Collected data
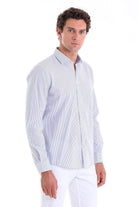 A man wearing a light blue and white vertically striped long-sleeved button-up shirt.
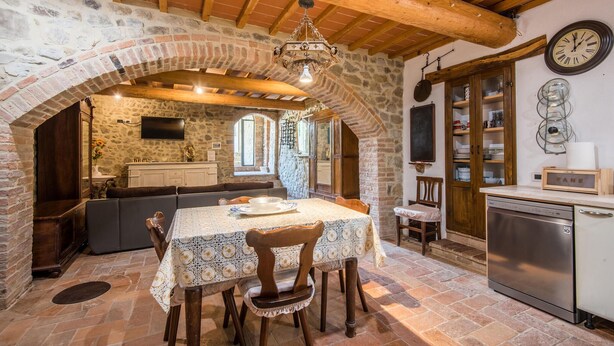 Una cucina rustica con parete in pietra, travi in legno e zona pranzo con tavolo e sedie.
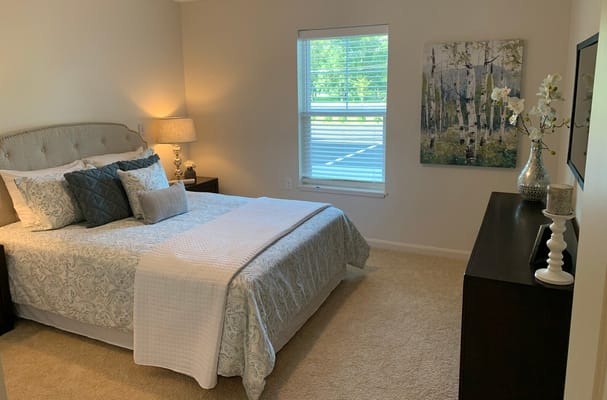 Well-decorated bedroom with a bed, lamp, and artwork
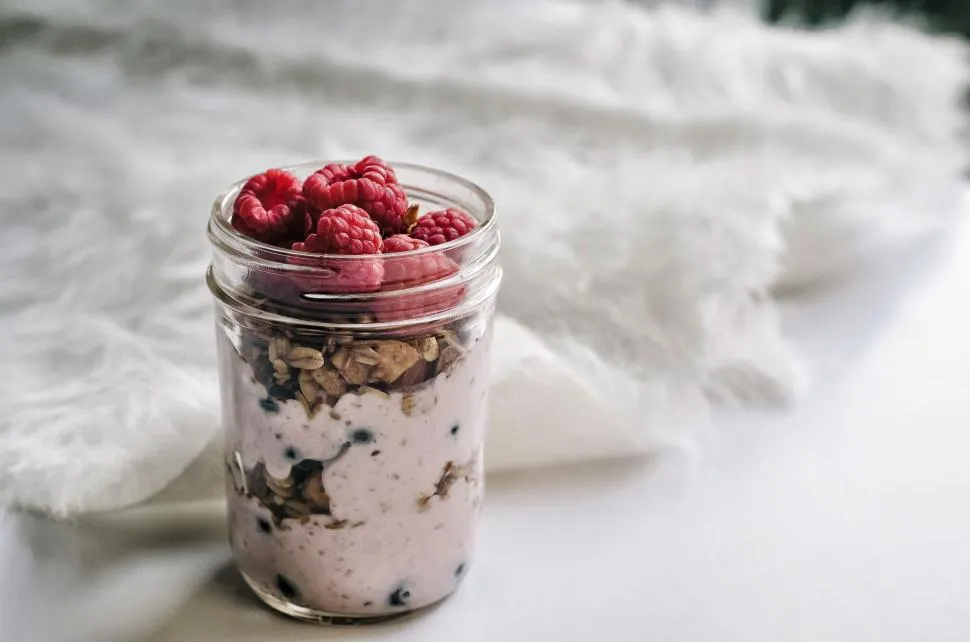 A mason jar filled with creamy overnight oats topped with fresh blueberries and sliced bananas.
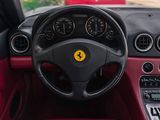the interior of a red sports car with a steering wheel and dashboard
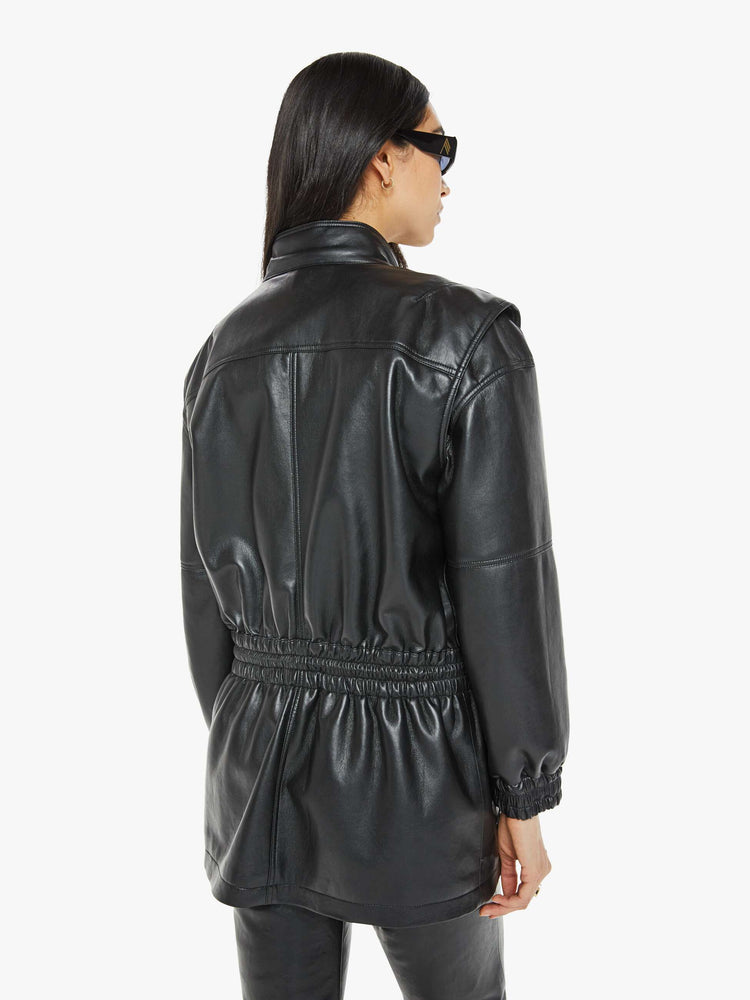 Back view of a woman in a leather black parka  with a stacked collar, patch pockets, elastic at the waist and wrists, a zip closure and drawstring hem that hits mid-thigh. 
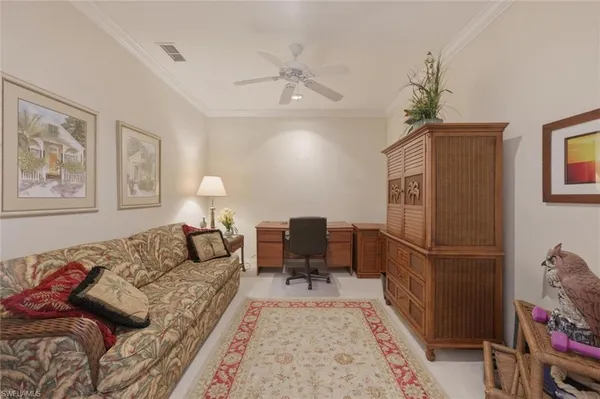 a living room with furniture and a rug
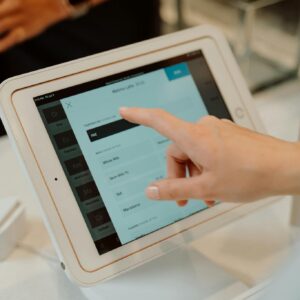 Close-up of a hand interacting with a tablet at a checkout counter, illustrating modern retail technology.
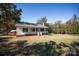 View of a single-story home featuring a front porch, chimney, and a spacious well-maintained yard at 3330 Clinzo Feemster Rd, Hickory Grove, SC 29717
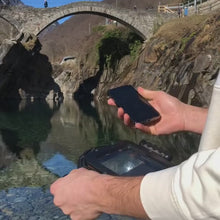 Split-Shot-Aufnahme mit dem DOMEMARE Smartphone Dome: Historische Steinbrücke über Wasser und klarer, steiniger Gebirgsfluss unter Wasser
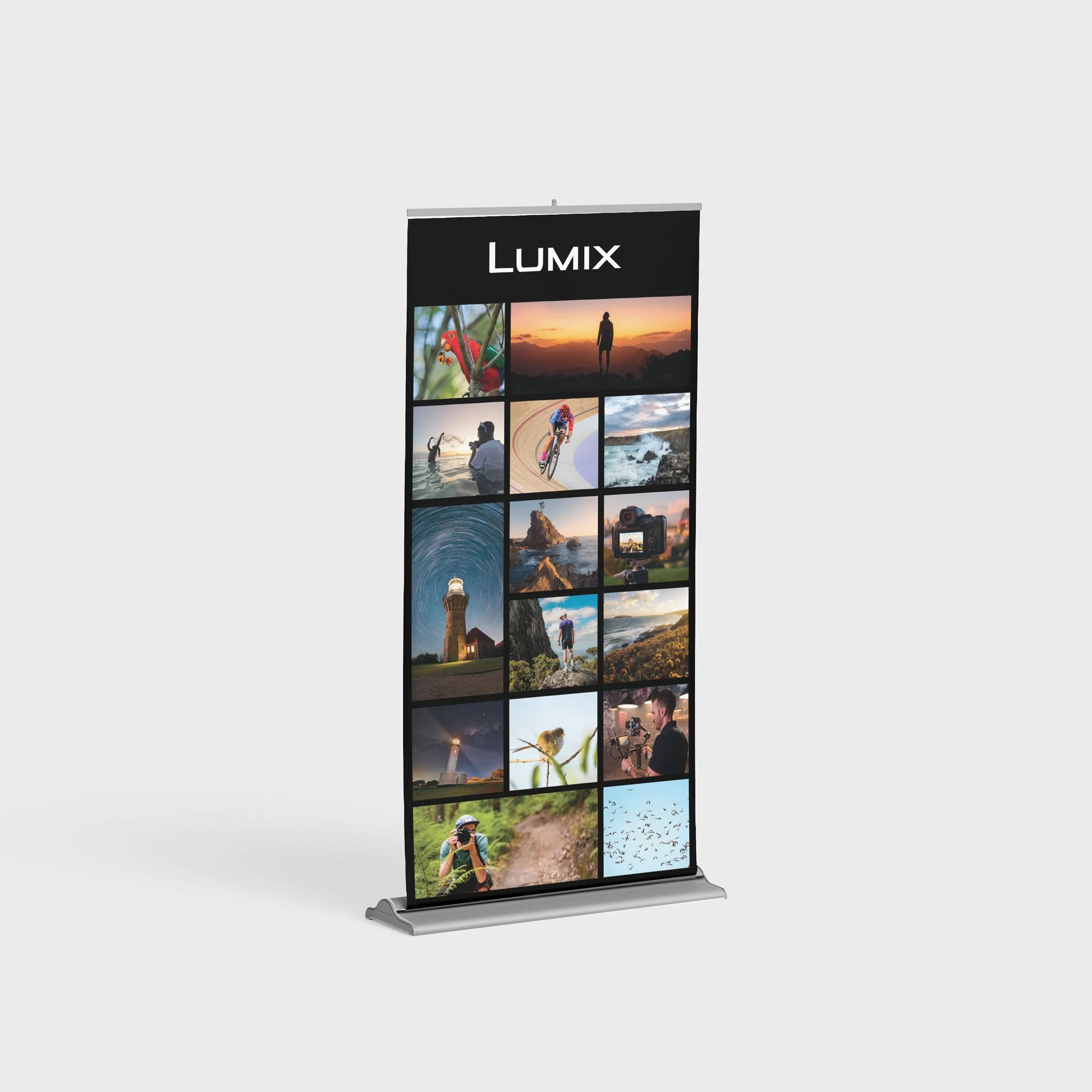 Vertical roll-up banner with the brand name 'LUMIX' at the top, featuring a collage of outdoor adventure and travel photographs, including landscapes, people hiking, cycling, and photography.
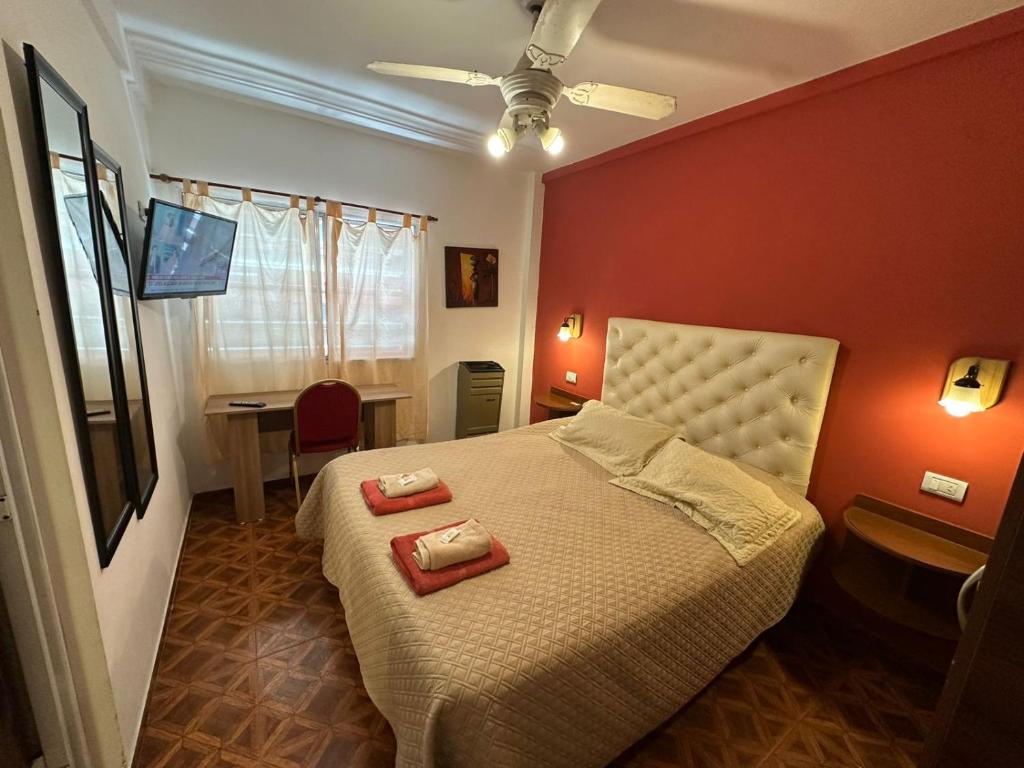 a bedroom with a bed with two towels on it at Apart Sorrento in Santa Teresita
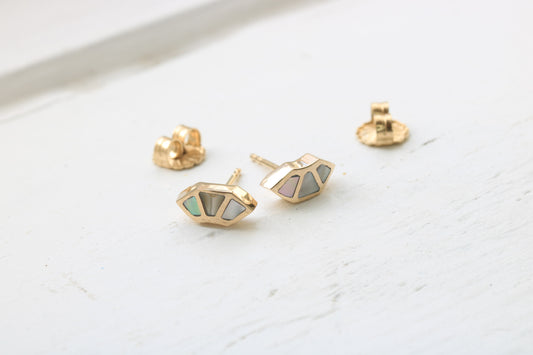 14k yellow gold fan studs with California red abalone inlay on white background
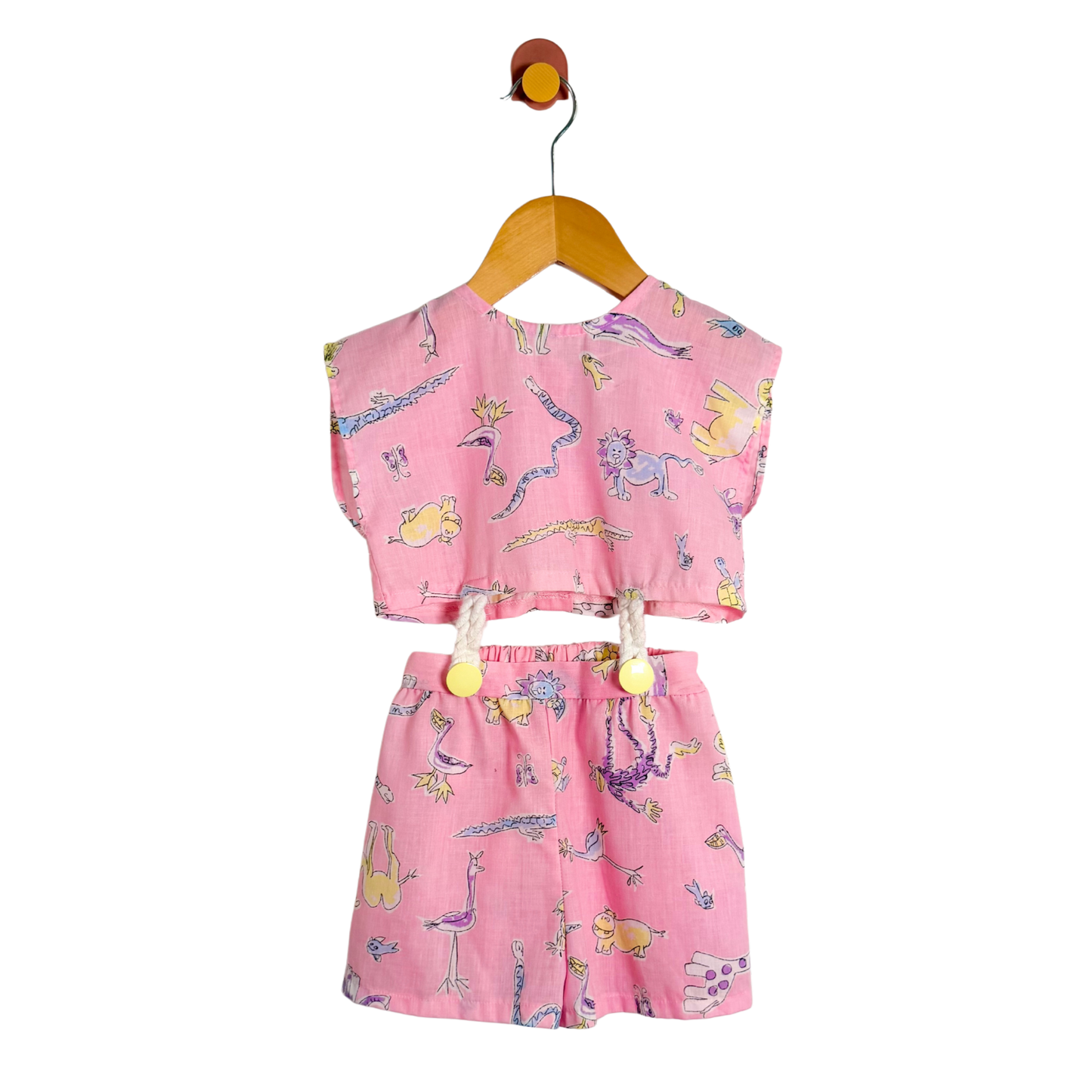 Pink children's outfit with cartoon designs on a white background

> _EXERCISE OBJECTIVE_:
Taking the entries above, copy word for word the lines from the one with "Well-decorated bedroom with" up to and including the one with "View of a single-story", without any picture.

> _THE COMPLETED TASK_:
 Well-decorated bedroom with a bed, lamp, and artwork
 A mason jar filled with creamy overnight oats topped with fresh blueberries and sliced bananas.
the interior of a red sports car with a steering wheel and dashboard
 Back view of a woman in a leather black parka  with a stacked collar, patch pockets, elastic at the waist and wrists, a zip closure and drawstring hem that hits mid-thigh. 
 a living room with furniture and a rug
 Close-up of a hand interacting with a tablet at a checkout counter, illustrating modern retail technology.
 View of a single-story home featuring a front porch, chimney, and a spacious well-maintained yard at 3330 Clinzo Feemster Rd, Hickory Grove, SC 29717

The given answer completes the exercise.